Concerns are particularly focused on Adelaide’s northern suburbs rated as having the least “walkability” in the state, with one local advocate saying “there has been a long history now of our children being behind in their development rates than other kids across the state”.
Commissioner for children and young people Helen Connolly backed the concerns, saying a national university study showed in a walkability index that four of the worst six suburbs in Adelaide are in the north: Munno Para West, Munno Para, Hillbank and Andrews Farm.
“This area has the least walkability suburbs and the lowest rate of car ownership, poor public transport is an issue,” she said.
Brad Chilcott, coordinator of the Thrive by Five alliance of 13 leading SA organisations, said increasing numbers of centres are sited off bus and train routes, meaning transport is now the second biggest barrier to early learning behind cost.

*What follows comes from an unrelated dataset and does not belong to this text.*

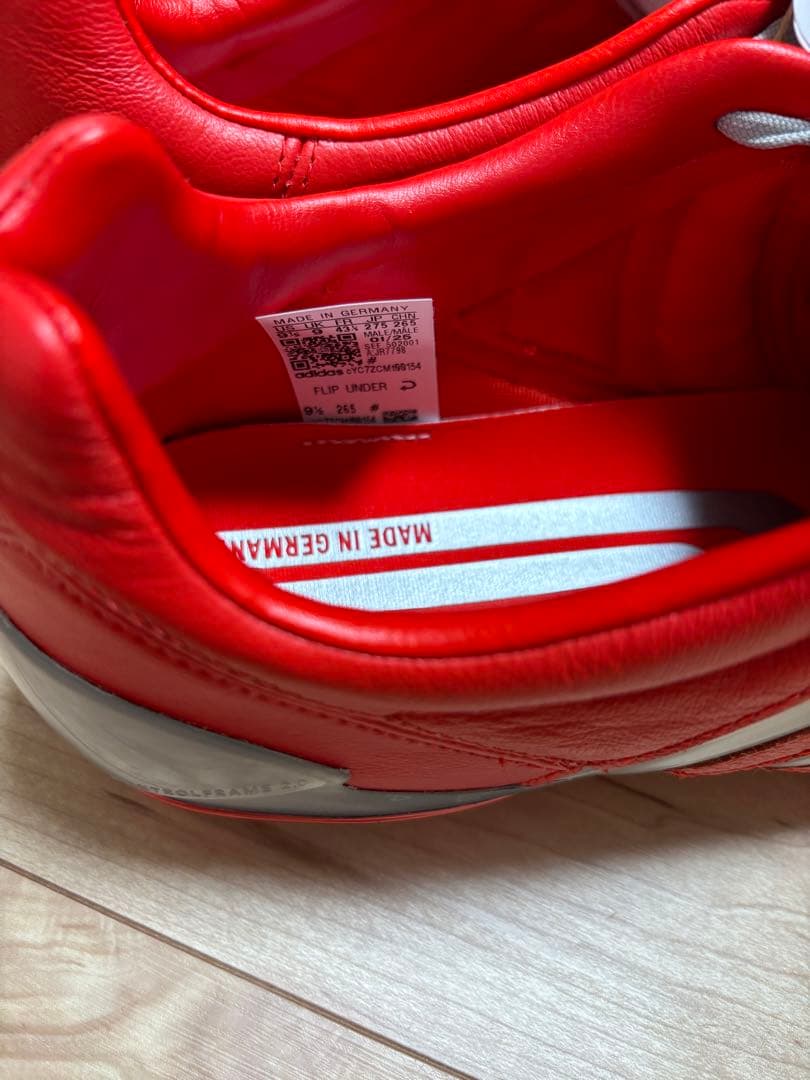 adidas PREDATOR MANIA 復刻版　27.5cm 最安値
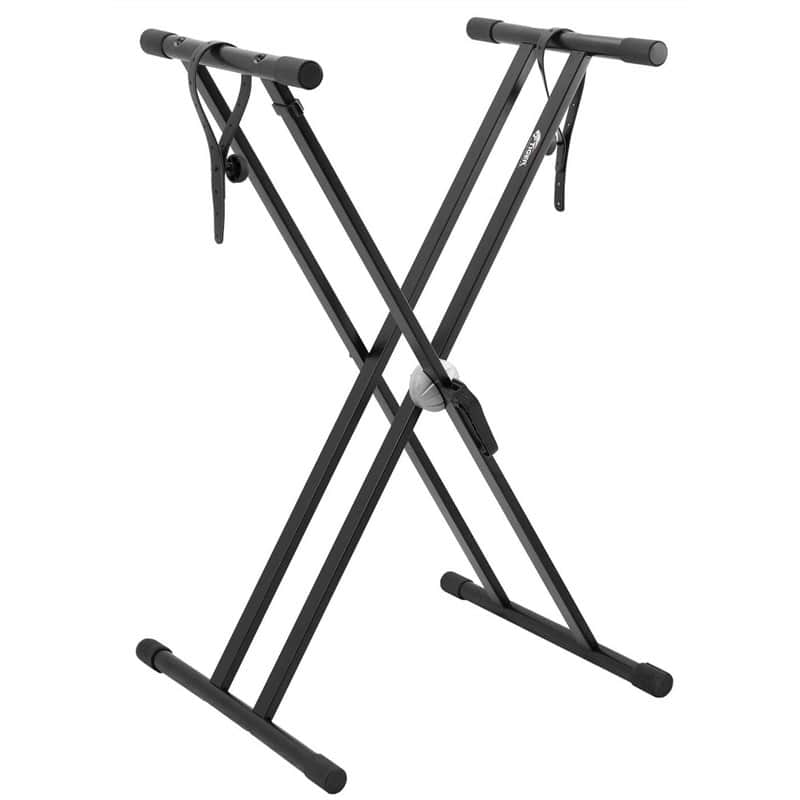 Tiger KYS16 Double Braced Keyboard Stand image 1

The coalition launched in April to lobby for reform in access to early child development, in a bid to halt growing generations of students starting school behind their peers and sometimes never catching up.
Chilcott said any plans to provide cheaper or free early learning access to some families must be backed by better transport, or many would still not take up the option.
The coalition has made representations to the State Government’s current Royal Commission into Early Childhood Education and Care that is looking at how universal quality preschool programs for three and four-year-old children can be delivered in SA.
“One person may have one kid or more, they might be dropping one to school and early earning and have a baby and they have to do all of that on public transport – it’s a challenge,” Chilcott said.
He said having access to pre-school learning was important as “the data is showing that brain development aged zero to five is essential for long-term success”.
Badly planned siting of early learning and childcare centres in new-build housing estate is particularly making it harder for families in the northern suburbs, Playford Council chief executive officer Sam Green said.
“It means that they are not able to access services that are there, it means the children in our community are tending to enter into school developmentally behind other children in the state and the research shows they actually never catch up,” Green said.
“In the northern suburbs, there has been a long history now of our children being behind in their development rates than other kids across the state, it has been a long-term problem.”
Green said the State Government needs to look at overhauling public transport routes and to provide more east west travel rather than buses only travelling to and from the city.
He also wanted better planning of childcare and early learning centres to ensure families could walk to the sites or take public transport to an existing hub, the council making its own representation to the royal commission with its findings due to be released in August.
“There are also too many schools or sites where parents tend to have to drop and move on and they don’t stop and mingle with each other to build relationships with other parents in the local community,” Green said.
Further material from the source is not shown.